Director of film about Irish UN soldiers in The Congo calls for bravery medals
The director of an epic new movie about the Irish UN who fought in The Congo has urged the State to award the men medals for their bravery.
Richie Smyth called for the men to be decorated following a recent Presidential citation and added: “It’s a shame that it took our movie to do this. It’s ridiculous. I do think they should all be honoured with medals, every one of them. I really do.”
The troops’ Commander, Pat Quinlan, called for his men, mostly from Custume Barracks in Athlone, Co Westmeath, to be awarded medals when they came home in 1961 - a plea that was rejected.
Now Smyth’s film has made him one to watch in Hollywood, and his story of the mens’ days-long battle will be seen by up to 83 Netflix viewers worldwide from next month.
Siege at Jadotville, starring Irish actor Jamie Dornan, tells the story of how the 150-strong Irish UN battalion came under attack from at least 3,000 militia and mercenaries after a peace-keeping mission went drastically wrong.
The action-packed conflict movie shows how the men came under repeated assault from troops and mercenaries loyal to the region of Katanga and its president as various nations fought for control of valuable natural resources.
Not one Irishman died in the battle, but after six days, when their ammunition and water ran out, Quinlan was forced into a ceasefire and then a surrender. The men were imprisoned for a month before being released - but their courage under siege was largely ignored when they got home, and the term ‘Jadotville Jack’ became a term of derision across the Defence Forces.
“They were getting nowhere, and they were losing men. The only reason Quinlan agreed in the end was because they were going to die if they didn’t. He thought: ‘I’m not going to lose all these boys over something that’s going on in HQ’. He was damned if he was going to lose his men for that.
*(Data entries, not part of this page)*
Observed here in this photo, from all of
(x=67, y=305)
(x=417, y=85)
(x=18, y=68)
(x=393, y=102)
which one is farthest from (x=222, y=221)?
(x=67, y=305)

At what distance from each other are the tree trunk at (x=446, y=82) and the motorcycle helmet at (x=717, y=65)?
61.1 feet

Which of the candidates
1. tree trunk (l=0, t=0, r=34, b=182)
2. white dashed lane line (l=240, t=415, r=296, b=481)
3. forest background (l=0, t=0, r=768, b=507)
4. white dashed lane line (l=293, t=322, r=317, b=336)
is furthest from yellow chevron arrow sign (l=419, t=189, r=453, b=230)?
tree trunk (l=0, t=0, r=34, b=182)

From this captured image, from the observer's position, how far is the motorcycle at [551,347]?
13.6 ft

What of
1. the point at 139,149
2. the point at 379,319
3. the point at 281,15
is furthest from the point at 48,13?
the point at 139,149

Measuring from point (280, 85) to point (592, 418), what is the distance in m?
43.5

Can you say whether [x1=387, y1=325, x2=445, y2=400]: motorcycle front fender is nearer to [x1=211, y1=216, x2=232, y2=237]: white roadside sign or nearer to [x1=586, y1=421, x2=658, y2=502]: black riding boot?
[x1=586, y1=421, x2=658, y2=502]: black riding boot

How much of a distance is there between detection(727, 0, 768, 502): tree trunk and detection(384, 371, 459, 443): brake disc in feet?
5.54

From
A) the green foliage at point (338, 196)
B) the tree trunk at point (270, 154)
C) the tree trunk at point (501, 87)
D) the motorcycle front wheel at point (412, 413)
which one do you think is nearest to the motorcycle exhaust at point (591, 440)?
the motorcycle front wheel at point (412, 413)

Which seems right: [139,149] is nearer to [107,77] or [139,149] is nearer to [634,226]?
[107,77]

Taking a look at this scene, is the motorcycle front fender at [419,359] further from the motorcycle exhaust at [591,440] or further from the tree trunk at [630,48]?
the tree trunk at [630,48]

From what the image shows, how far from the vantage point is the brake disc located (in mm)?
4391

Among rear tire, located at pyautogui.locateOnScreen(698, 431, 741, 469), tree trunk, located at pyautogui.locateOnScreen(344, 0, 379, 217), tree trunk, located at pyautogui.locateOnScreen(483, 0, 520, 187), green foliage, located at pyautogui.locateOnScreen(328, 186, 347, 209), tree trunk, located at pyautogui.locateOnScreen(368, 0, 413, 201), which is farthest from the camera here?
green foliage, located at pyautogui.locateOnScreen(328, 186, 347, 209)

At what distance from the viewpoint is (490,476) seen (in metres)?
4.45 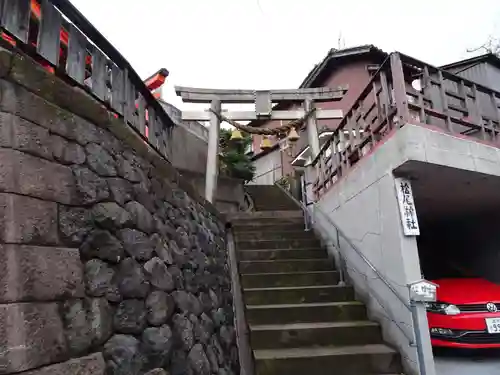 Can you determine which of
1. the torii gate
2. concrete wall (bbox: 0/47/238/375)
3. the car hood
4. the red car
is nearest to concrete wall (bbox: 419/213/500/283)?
the car hood

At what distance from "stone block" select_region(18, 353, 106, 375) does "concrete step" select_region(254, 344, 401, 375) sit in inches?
91.5

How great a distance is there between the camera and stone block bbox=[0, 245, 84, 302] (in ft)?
4.94

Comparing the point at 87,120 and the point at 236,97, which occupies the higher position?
the point at 236,97

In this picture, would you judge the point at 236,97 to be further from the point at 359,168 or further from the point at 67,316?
the point at 67,316

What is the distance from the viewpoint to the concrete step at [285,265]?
5.89 metres

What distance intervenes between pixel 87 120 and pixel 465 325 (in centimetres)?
518

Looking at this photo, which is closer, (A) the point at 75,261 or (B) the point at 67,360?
(B) the point at 67,360

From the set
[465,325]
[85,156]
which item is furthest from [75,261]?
[465,325]

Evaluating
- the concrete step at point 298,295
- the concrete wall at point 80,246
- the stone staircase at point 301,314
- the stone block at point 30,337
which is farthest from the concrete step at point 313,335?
the stone block at point 30,337

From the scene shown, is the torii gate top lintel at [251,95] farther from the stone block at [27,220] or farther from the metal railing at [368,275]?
the stone block at [27,220]

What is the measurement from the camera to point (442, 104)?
4586 millimetres

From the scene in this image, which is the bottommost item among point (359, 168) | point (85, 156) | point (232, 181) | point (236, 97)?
point (85, 156)

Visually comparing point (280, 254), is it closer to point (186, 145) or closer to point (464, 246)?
point (464, 246)

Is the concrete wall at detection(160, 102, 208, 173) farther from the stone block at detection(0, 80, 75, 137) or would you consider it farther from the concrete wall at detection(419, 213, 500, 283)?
the stone block at detection(0, 80, 75, 137) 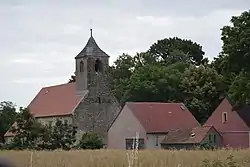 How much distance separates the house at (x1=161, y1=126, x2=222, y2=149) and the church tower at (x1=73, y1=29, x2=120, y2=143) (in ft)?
46.8

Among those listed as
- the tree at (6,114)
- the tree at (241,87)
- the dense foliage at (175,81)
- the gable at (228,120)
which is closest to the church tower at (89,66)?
the dense foliage at (175,81)

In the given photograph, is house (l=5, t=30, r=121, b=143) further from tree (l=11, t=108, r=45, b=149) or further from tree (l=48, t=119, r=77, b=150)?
tree (l=11, t=108, r=45, b=149)

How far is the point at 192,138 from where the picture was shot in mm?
62375

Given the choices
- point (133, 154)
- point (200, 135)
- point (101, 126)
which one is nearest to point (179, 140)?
point (200, 135)

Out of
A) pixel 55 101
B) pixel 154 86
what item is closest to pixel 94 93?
pixel 154 86

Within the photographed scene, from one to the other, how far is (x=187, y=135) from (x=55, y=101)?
28.5 metres

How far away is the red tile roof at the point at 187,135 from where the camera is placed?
204 ft

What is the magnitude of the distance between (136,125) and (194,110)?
35.1ft

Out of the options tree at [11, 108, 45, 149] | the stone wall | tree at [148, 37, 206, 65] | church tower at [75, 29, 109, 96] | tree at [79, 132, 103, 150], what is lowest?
tree at [79, 132, 103, 150]

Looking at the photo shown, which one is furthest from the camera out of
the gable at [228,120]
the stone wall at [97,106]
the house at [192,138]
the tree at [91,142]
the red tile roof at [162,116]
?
the stone wall at [97,106]

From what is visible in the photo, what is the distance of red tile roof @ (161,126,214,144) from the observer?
6209 centimetres

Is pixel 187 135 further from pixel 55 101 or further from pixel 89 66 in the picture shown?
pixel 55 101

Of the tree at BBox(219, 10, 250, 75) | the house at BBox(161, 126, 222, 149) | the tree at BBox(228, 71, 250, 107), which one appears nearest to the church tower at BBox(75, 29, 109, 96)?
the house at BBox(161, 126, 222, 149)

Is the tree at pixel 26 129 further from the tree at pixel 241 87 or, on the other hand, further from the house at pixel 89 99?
the tree at pixel 241 87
“This was the first time there’d been US peacekeeping troops in the field. That kind of pressure was coming down from above. But it just disappeared into history, it just got lost.”
Smyth, who spent years directing music videos for bands including U2, had long been looking for a subject for his first film. When he came across the story of the Irish men as a footnote in a book, he was intrigued.
“I couldn’t believe that this story hadn't been told. When I found it it was almost like I’d been given the job. It took seven years. I was in LA developing other stuff and I was reading books when I came upon it.
“I stumbled upon it and I think the fact is was in such an unusual place, a book about mercenary soldiers. I thought: ‘why haven’t I heard about this?’”
He subsequently optioned a book on the subject by journalist Declan Power and Jadotville started filming in South Africa last year. But the project got a huge boost when it was picked up by global streaming giants Netflix, who have been moving into film in the past year.
“I knew them well, and thought they were a really smart company, and the reach they had was so good. They took the whole project - I think it was the first full film project they brought from script. They let us make the movie we wanted to make.
“They knew the story we wanted to tell and they were really supportive about it. We got the budget we needed to have drama and action in the movie.”
Smyth’s tale of these men will now be seen worldwide and there’s even talk of it featuring in next Spring’s Oscars. “The fact that so many people all over the world will know about it is a great thing. It’s great that it now gets out there and is now properly a part of history.”
The Siege of Jadotville is now in Irish cinemas. It debuts on Netflix on October 7th.